I would like to thank everyone for every comment, private message, reaction, presence on streams, live conversations. I greatly appreciate your kind words, shares, and questions, as well as doubts, critical remarks, and sarcastic comments 🙂
At this point, I would like to thank the people who helped me with the project with their outstanding skills. It is a great joy and happiness to know such people and to be able to count on them!
Damian Dworakowski helped me prepare my scholarship application and explained the intricacies of the application system. He can look from the perspective of a creator, organizer, and expert, and then choose the best solution from this ridiculous conglomerate! What’s more, he is still able to develop the project and inspire 🙂
Dorota Perszko wrote a phenomenal text about the project.
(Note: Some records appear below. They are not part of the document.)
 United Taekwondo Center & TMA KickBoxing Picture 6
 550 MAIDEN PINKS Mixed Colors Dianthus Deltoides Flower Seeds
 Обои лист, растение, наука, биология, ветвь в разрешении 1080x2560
The knowledge, contexts, and meanings she notices are always a surprise to me, and at the same time, I often feel shy about such comparisons.
Radek Gurski, a modest master of the workmanship with whom we built the final facility. He always proves to me that theoretical knowledge in the workshop is only an introduction to the joy of making, and shows what understanding the material is all about.
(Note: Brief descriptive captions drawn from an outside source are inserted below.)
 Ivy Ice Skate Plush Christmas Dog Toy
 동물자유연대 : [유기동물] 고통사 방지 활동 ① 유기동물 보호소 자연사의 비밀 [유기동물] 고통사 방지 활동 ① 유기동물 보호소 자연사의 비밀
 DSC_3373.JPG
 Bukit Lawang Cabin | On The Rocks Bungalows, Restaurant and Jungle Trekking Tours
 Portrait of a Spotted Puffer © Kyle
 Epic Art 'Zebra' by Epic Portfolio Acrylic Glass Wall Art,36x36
And last, but not least… Karolina Niedbało, who probably reacted to every comment, followed all possible reactions regarding the posts, was able to spam the livestream, but most importantly, she helped me plan this project and made sure that it was implemented in the best possible form. I do not even need to mention all the support and pointing the direction when it got blurry because it is obvious 😉
I am very glad that this project was created. It started, as usual, with the realization of an object for an exhibition somewhere, sometime in the future… Meanwhile, our interaction over the weeks showed me a completely different face of creativity and possibilities.
If someone looks here in the future, all documentation can be found on my website.
Thank you again and let’s stay in touch!